Et Sain, de grimper tout tremblant, sur la pointe des pieds.

— N’es-tu pas le fils de Mymie ? .. Eh bien, je vais te donner ton jeune maître, t’attacher à sa personne.

Là-dessus il met le baby dans les bras du gamin, au milieu des cris de toutes les négresses : — Seigneur ! Seigneur ! ce petit-là va laisser tomber l’autre petit !

Mais le maître s’en rapporte au fils de Mymie, de laquelle d’ailleurs rien de plus ne nous est dit. Peut-être est-elle du sang de ce personnage considérable de toute maison virginienne, la Mammy, auxiliaire dévouée de la mère qui, dans les quartiers, a une case plus commode que les autres et qui, traitée avec une tendresse, des égards particuliers, est esclave sans doute, esclave des enfans, mais membre de la famille surtout.
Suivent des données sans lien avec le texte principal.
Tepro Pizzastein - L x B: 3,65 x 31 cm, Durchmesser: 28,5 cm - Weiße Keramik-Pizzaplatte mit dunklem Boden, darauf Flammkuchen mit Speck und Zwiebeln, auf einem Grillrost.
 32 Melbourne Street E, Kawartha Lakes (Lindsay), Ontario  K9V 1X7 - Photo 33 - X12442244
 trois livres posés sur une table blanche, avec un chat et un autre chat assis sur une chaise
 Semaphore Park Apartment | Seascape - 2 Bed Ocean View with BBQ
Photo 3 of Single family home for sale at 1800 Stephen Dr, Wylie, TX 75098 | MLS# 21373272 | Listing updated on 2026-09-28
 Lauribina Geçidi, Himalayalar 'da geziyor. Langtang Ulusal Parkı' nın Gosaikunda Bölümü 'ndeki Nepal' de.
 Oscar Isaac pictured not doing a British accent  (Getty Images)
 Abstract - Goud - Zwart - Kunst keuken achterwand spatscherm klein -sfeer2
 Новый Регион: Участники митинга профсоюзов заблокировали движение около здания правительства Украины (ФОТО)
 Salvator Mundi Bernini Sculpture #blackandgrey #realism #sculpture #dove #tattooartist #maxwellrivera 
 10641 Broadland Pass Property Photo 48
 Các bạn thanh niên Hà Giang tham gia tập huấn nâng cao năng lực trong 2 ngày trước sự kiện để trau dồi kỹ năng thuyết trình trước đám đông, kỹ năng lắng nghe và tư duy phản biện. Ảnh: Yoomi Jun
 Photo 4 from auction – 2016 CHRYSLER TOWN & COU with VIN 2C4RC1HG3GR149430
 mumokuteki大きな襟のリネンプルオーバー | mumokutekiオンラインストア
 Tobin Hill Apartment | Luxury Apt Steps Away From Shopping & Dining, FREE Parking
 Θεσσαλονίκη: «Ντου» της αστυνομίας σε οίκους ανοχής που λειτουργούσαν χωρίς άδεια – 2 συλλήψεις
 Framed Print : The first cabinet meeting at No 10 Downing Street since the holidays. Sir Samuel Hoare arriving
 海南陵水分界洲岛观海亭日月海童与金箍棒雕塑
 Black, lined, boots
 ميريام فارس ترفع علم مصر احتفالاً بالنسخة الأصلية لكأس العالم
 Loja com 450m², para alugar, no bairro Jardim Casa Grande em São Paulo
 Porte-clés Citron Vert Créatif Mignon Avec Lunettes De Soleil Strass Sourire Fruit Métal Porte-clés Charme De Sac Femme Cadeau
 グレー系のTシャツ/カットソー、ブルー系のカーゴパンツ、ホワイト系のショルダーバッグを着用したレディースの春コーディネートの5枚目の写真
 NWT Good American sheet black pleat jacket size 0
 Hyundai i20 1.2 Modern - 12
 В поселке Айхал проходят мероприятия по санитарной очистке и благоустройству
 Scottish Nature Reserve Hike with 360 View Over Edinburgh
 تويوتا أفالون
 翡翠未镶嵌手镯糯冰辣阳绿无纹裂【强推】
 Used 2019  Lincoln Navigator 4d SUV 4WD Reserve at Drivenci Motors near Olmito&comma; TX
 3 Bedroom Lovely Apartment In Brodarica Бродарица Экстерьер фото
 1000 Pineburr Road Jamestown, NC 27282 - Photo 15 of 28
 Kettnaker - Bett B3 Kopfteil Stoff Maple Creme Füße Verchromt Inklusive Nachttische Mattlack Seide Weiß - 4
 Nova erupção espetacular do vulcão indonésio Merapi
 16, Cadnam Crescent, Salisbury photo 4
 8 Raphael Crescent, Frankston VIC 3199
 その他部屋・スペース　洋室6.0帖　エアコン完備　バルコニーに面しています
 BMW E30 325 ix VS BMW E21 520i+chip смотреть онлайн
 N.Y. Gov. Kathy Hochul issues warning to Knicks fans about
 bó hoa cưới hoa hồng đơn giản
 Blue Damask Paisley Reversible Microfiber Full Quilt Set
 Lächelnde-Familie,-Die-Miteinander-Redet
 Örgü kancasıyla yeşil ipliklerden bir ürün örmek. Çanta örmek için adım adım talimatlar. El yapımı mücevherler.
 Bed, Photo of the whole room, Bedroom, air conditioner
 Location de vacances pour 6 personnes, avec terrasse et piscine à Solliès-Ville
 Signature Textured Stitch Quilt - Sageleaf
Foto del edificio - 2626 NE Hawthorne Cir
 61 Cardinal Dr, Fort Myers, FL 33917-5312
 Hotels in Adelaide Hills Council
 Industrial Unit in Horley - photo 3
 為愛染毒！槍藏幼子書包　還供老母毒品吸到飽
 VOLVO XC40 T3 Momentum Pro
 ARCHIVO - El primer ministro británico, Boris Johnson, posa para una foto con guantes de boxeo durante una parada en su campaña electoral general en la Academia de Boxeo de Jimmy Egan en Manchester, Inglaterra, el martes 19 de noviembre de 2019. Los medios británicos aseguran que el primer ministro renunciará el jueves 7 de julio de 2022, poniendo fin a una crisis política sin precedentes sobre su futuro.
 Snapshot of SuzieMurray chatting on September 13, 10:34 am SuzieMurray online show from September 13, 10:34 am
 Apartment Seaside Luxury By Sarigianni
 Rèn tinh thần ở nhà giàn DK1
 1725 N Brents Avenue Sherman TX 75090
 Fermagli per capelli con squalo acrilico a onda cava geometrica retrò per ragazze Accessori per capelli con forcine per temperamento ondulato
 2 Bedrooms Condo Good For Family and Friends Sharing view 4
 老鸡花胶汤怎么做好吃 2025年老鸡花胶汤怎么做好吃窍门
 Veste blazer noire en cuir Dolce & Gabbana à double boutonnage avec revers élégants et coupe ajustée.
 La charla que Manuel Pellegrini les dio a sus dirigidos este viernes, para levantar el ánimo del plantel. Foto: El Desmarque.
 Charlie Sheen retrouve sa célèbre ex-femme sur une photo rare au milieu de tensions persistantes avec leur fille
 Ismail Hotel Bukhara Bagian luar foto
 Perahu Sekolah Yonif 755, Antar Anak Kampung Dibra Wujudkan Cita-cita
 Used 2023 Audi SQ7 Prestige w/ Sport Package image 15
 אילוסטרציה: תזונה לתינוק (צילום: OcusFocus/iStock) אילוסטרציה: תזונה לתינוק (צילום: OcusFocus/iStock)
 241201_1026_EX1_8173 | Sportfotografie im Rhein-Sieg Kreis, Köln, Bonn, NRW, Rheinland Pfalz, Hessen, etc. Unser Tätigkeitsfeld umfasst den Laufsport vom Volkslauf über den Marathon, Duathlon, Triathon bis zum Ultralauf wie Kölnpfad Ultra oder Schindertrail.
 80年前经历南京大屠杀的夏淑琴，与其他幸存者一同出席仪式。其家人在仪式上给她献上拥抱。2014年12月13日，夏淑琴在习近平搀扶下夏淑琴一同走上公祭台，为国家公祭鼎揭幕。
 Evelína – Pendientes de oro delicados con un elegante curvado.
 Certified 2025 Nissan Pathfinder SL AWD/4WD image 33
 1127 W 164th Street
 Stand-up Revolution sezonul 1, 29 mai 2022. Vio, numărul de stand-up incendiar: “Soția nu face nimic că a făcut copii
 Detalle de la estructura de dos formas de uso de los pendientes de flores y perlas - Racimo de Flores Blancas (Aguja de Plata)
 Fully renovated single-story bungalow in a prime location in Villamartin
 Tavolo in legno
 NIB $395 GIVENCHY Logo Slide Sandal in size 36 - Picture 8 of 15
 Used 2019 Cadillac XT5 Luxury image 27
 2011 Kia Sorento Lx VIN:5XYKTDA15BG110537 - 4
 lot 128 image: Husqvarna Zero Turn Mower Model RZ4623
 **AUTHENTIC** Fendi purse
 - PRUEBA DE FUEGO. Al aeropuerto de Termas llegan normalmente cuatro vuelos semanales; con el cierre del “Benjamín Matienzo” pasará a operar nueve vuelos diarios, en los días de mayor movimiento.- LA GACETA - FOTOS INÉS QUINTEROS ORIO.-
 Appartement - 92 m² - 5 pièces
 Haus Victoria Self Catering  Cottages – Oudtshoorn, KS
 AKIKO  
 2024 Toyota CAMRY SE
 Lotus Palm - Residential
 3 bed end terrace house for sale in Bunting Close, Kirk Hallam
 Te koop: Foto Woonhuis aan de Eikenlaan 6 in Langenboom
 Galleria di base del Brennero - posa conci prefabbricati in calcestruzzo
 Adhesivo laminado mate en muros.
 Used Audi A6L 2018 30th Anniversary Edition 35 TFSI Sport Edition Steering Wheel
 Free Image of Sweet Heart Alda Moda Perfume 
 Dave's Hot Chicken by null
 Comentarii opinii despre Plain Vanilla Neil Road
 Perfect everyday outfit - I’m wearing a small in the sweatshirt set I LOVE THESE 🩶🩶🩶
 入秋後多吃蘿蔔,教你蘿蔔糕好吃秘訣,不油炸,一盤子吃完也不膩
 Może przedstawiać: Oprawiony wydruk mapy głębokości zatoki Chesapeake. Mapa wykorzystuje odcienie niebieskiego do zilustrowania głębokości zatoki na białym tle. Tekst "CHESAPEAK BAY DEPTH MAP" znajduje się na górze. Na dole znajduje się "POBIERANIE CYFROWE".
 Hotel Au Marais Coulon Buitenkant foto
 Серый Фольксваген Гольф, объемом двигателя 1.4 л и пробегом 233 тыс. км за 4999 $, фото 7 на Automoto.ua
— Écoute, Sam, reprend le père de Marse Chan, tu appartiens à ton jeune maître. Je te recommande d’avoir soin de lui tant qu’il vivra.

Et à dater de ce moment, Sam fut le body servant, le serviteur particulier, le garde du corps de Marse Chan ; il ne sera pas, dans sa vieillesse, éloigné de croire que, si jamais on ne vit un enfant profiter comme celui-là, c’est beaucoup grâce à ses bons soins.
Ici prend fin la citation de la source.